Yea there is a certain irony there. I freely admit product was written with Claude Code. I wrote the Product Requirements & Engineering Requirements and reviewed the code, so I can say I own it.
"Consider the recursive nature of the problem you’re solving..."
That framing is better than mine. When a frontier model writes a skillscript, there's not much chance of something slipping by. Over time, I've become cautiously open to the model adapting the skillscript to solve problems as they occur. Example, a skillscript runs every morning and checks github for PRs and issues. The agent when woken after the run 'noticed' an issue, fixed the script and it was ready for me to approve in the morning. Yes, that could have been done in Python, but I'd not be as confident about it.
I also really appreciate the link.
The problem I'm trying to solve for me is a step removed. The agent is the one writing the script, and I want it to run unattended against my systems every morning. I can't let it write and run bash. Even though my agent lives in a container (NanoClaw), I still need it to reach out to other systems. Github, my other servers, MCPs, etc.

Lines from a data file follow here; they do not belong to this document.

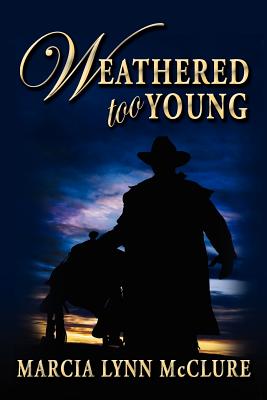 Weathered Too Young - McClure, Marcia Lynn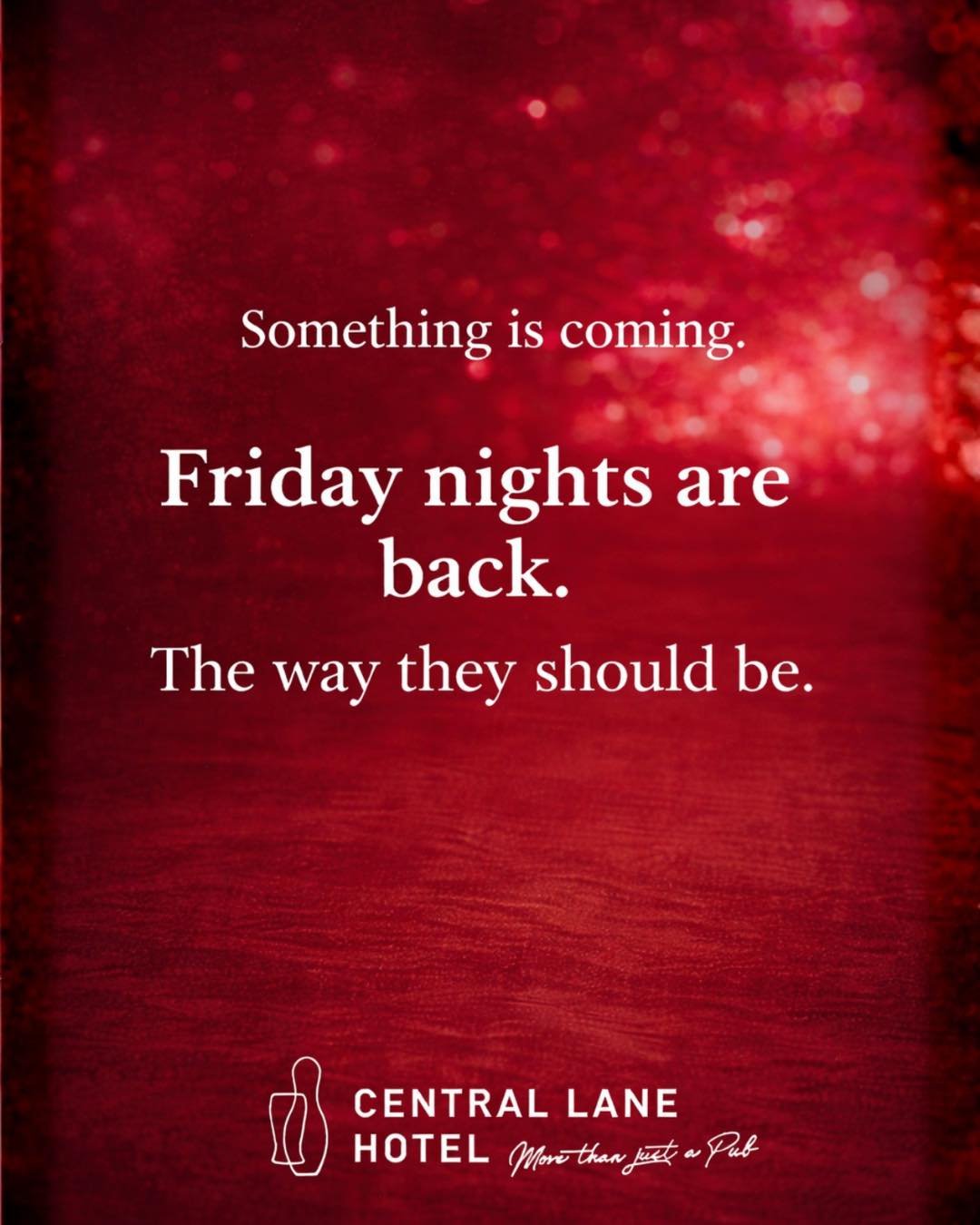 Something's coming back to Friday nights..

More to come..

www.centrallanehotel.com.au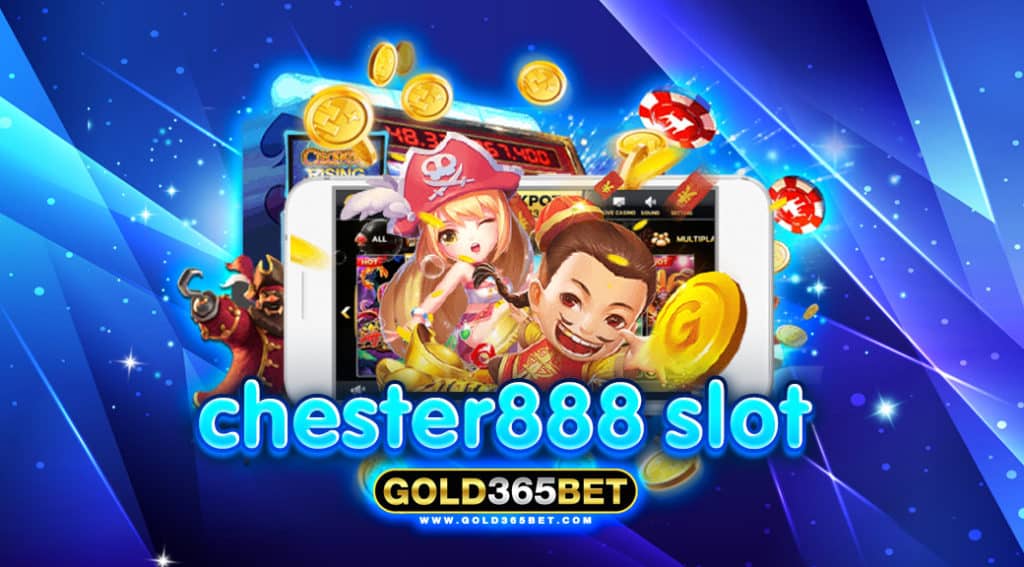 chester 888 slot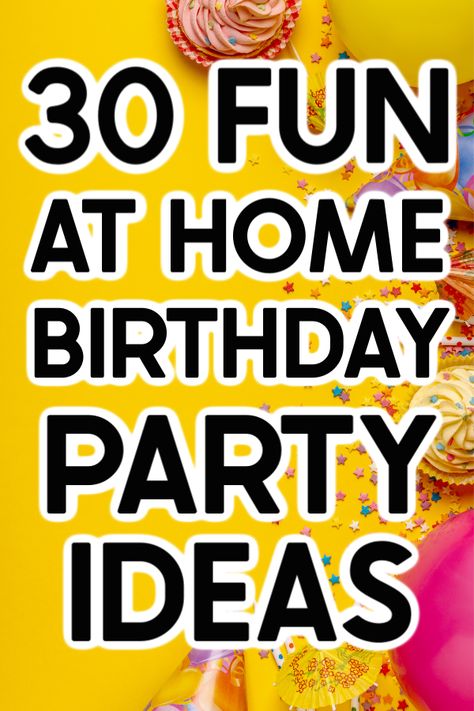 Celebrating a birthday while stuck at home? Try one of these 30 ideas to make your birthday party ideas at home more special! 30th Birthday Celebration Ideas, Birthday Celebration Ideas At Home, 30 Birthday Party Ideas, Birthday Party Ideas At Home, Party Tips And Tricks, 30 Birthday Party, Games Party Ideas, At Home Birthday, 30th Birthday Celebration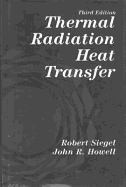 Thermal Radiation Heat Transfer - Siegel, Robert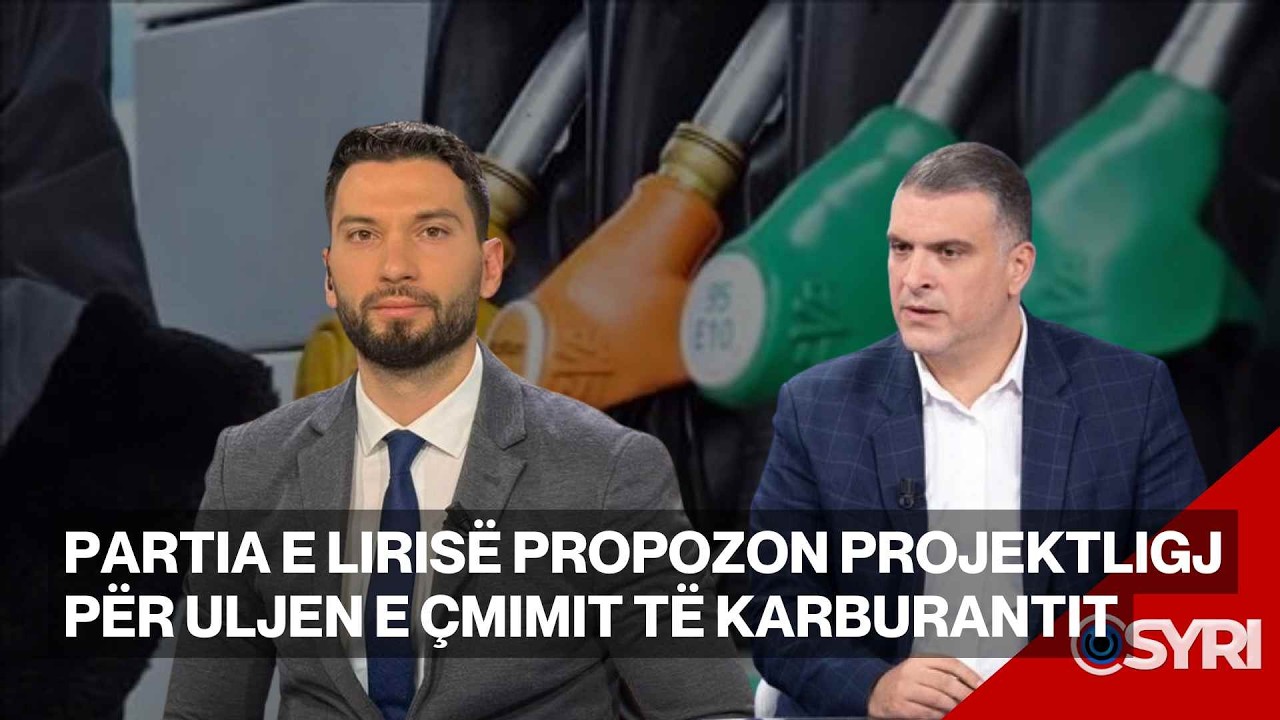 INTERVISTA/ Partia e Lirisë propozon projektligj për uljen e çmimit të karburantit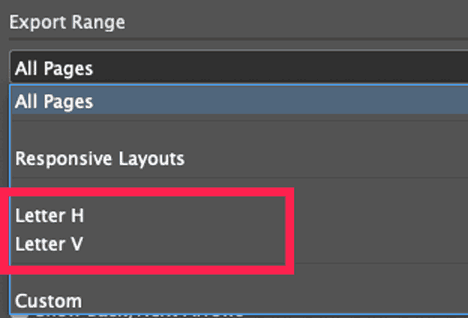 Alternate Layouts shown in the Export Range menu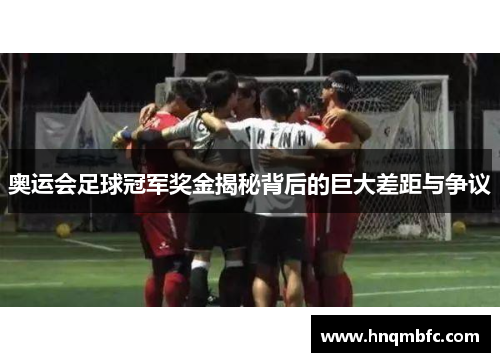奥运会足球冠军奖金揭秘背后的巨大差距与争议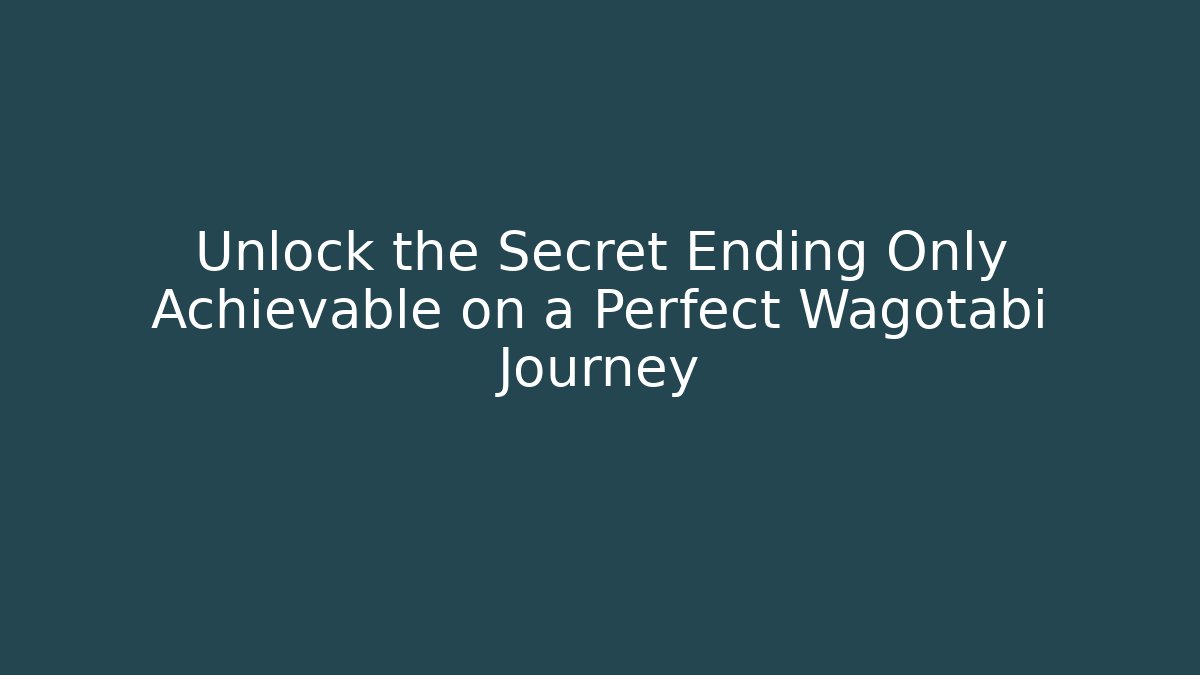 Unlock the Secret Ending Only Achievable on a Perfect Wagotabi Journey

Skillscript is how I let it reach out without holding the keys. It can invoke a skillscript that hits GitHub, but it never runs the raw command or holds the token itself. The runtime holds the credential and only lets it through the skillscript I approved.
It's fair to say a skillscript basically is your two bash scripts and an LLM call, but fenced in.
How can you not get that? Do you believe LLMs remember what you show them between calls? That's not how they work. Each call starts from a clean slate, you have to re-describe the new language each and every call. There's no way to get around that. They are not magic. They do not learn from your prompts, which have absolutely no effect on the model itself.
If you think they do, you are falling for an illusion. ChatGPT is appending each of your incremental prompts to the full prompt, and it grows and grows longer and longer every time you add something. Sure, it summarizes when the full prompt gets to long, but that makes it distort and forget your language definition, and you have to add it again. If you give it the prompt to generate the language from scratch each time instead of the generated language itself, it generates a different language every time. You can't "cleverly hack" or "wish" your way out of that.
They may be good at generating new languages, but one thing that LLMs aren't good at apparently is warning you it's futile to generate a new language intended for llms to program instead of just using existing languages. They just play along and do ridiculous useless things out of syncophancy.
Do you propose just ask AI to generate orchestration in Python?